While men and women both get high blood pressure and related kidney disease, the path to get there is shorter, steeper and just different for men, researchers say.
"They may end up at the same point, but the way they got there could be very different," says Dr. Jennifer C. Sullivan, pharmacologist/physiologist at the Medical College of Georgia Vascular Biology Center.
"It's known that men tend to develop hypertension earlier than women and the increase in blood pressure occurs more rapidly than it does in women, until they hit menopause. I look at our spontaneously hypertensive rats and see the same dichotomy in blood pressure," Dr. Sullivan says of the animal model she studies. "There are also differences in development of renal injury in the human population and chronic renal disease seems to be worse in men and I see the same thing in my animal model."
She's looking at these gender differences to find what protects females, at least for much of their life, work that led to her selection for the 2007 New Investigator Award of the American Physiological Society's Water and Electrolyte Homeostasis Section. She presented her work May 1 during the Experimental Biology Meeting Annual Meeting in Washington, D.C.
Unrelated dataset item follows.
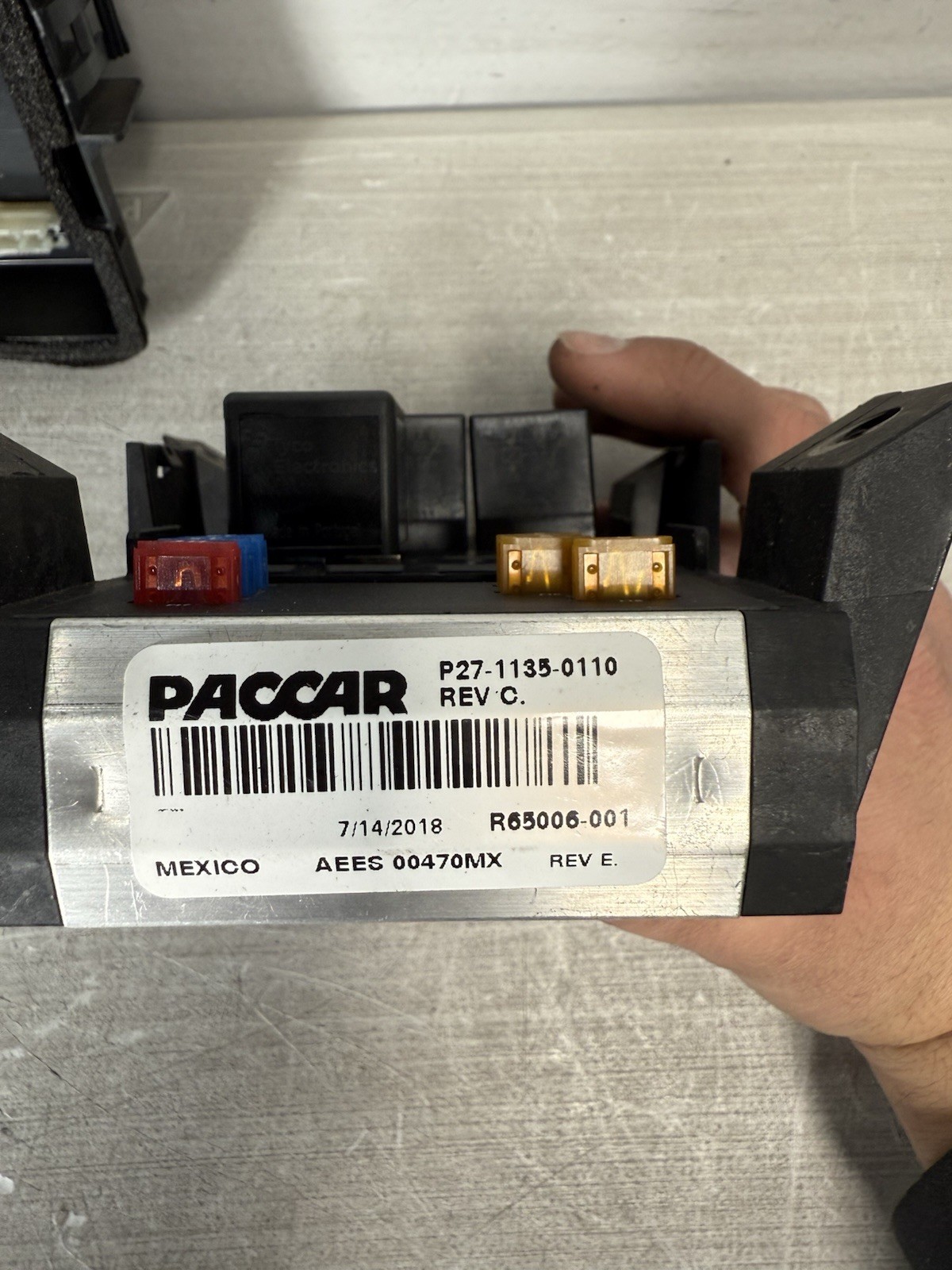2019 Peterbilt 579 Paccar Fuse Box Sleeper PDC P27-1135-0110 *1988*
Female hormones can't account for all the difference, she says. "It's not that easy. Men and women are more than just sex hormones." When she takes testicles out, for example, blood pressure and injury incidence drop some; when she takes ovaries out, blood pressure remains unchanged but kidney injury increases slightly. "There are fundamental differences, I believe, in the physiology. They are going to end up at the same point but the way there could be very different."
So she's comparing in males and females some major players in blood pressure regulation and renal injury: the potential for blood vessels to relax and constrict and the amount of damage-producing free radicals.